The cash registers reportedly rang and rang and rang some more at many downtown businesses over ArtPrize’s debut weekend Sept. 25-27. Some restaurants sold out of menu items before the weekend was over. Others that aren’t usually open on Sundays decided to open Sept. 27 because of Saturday’s brisk business. Coffeehouses brewed and sold more coffee than ever, and the foot traffic to retail shops was nearly non-stop.
Anne Marie Bessette, a retail specialist with the Downtown Development Authority, said one shop owner did particularly well. Gina VanGessel, owner of Gina’s Boutique at 40 Monroe Center and co-owner of the soon-to-open Lia Rose, reported that her women’s clothing, jewelry and accessories store had strong sales and held a fashion show that helped attract shoppers.

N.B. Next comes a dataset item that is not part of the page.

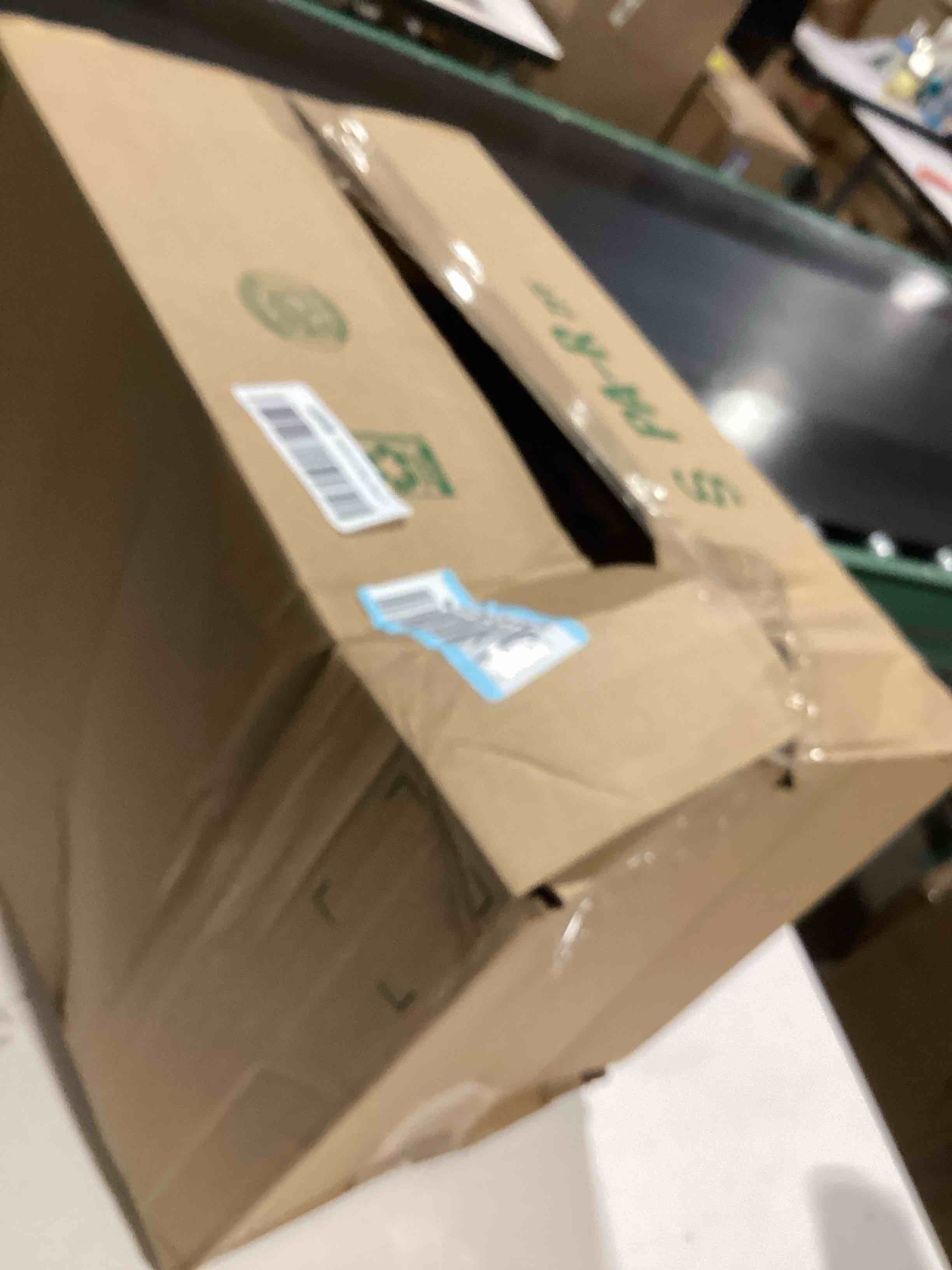https://s3.amazonaws.com/lotting-images-prod/bidfta/PPE3210158_1760972461971.jpeg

“We had a big, big, big weekend, far beyond what was anticipated. With something like this, being a new event, it’s difficult to really know what to expect as to what kind of traffic would be generated, and I think everybody was surprised,” said Sharon Evoy, executive director of the Downtown Alliance.

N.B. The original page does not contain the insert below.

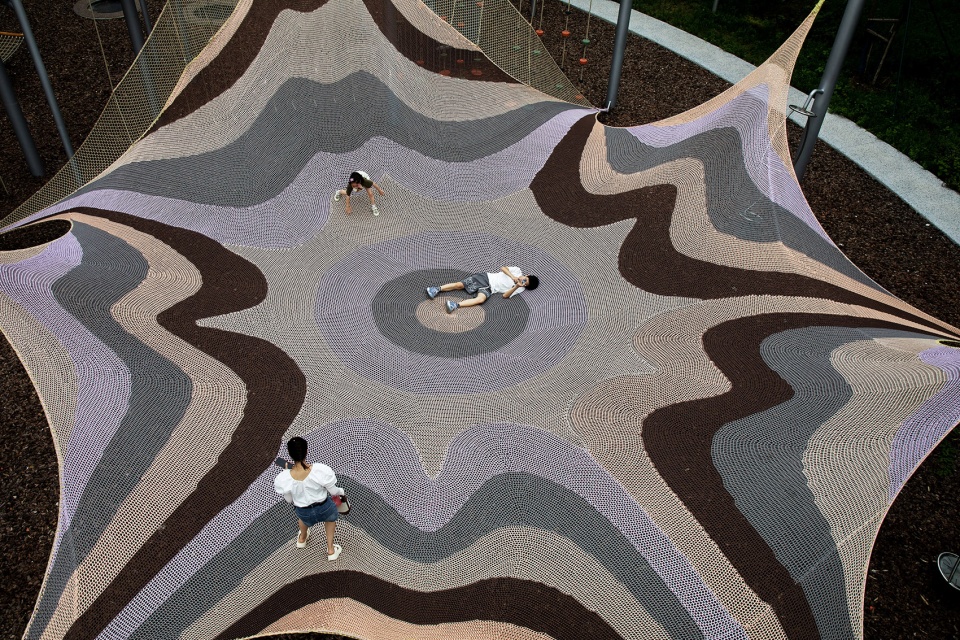 Between the Rain Fengxiangzhou Water Park China by Z T Studio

“There were great crowds on Saturday and again on Sunday,” she added.
As for restaurant owners, Bessette said, “A lot of our entrepreneurs ran out of food” due to the high volume of traffic downtown. She learned that businesses such as Schuler Books Downtown’s Chapbook Café, One Trick Pony, Republic and Rockwell’s Kitchen & Tap were out of at least some regular menu items before the sun set on Sunday.
“It’s a rather good problem to have,” she said. “And I think people were extremely surprised that it was such a success. They hadn’t expected that much. They knew there would be more people downtown, but not to that extent.”

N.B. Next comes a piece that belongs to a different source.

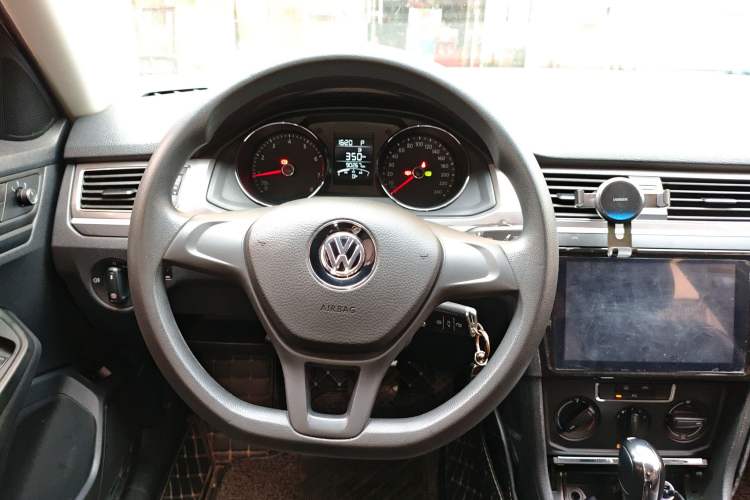 Used Volkswagen Bora 2018 1.5L Automatic Fashion Model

Hopcat and the Sundance Grill reportedly also had record sales. Lines were out the door at the Parsley Mediterranean Grill, The Pita House and Local Mocha. West Coast Coffee and MadCap Coffee had their biggest brewing weekend. The BOB had a huge sales weekend, and TGI Fridays stayed open past the normal closing times.
“We’ve heard that restaurants had to bring (extra) staff in,” said Evoy. “I think it was almost like a perfect storm over the weekend, especially on Sunday.”
Paul Collins Fine Art gallery and Commute Bike Shop reported good sales. And Groskopfs said of all the events that have been held downtown over many years, none has drawn more people on a single weekend than ArtPrize.
The first weekend of ArtPrize wasn’t the only busy time. Downtown was pretty packed on the event’s first Thursday too, because of the DDA’s agreement to contribute $15,000 to fund student bus trips to see the competition.
DDA Executive Director Jay Fowler said 1,826 students — sixth graders through high school seniors — from 25 public and private schools made the trip that day. “It was great seeing all these kids downtown. It sort of kicked off ArtPrize in a big way, I thought,” he said.
Evoy said the Downtown Alliance saw ArtPrize as having a long-term benefit for the city and its arts community, but also a shorter-term benefit for downtown business owners. And so far, she said, the competition has certainly delivered on the latter.
“What we love about ArtPrize is they’re giving us this art and they’re encouraging people to go into the local businesses to eat, drink and shop,” said Evoy. “They have done a great job with that because the response to ArtPrize and the way that people have embraced the downtown businesses has really been exciting.”
Bessette said a key factor to ArtPrize is that the competition has helped some people from outlying areas rediscover downtown. Because the event was so well attended and people seemed to be enjoying themselves so much, she felt that many will return to downtown to take an even closer look at what the district has to offer.
Bessette said she had heard from only one downtown store owner who wished she had recorded more sales that weekend. Otherwise, she said ArtPrize was a big hit among the merchants and restaurant owners.
“They were pleased to see all the people that came through,” said Bessette. “I know that a lot of the other entrepreneurs will be ready and open for next year.”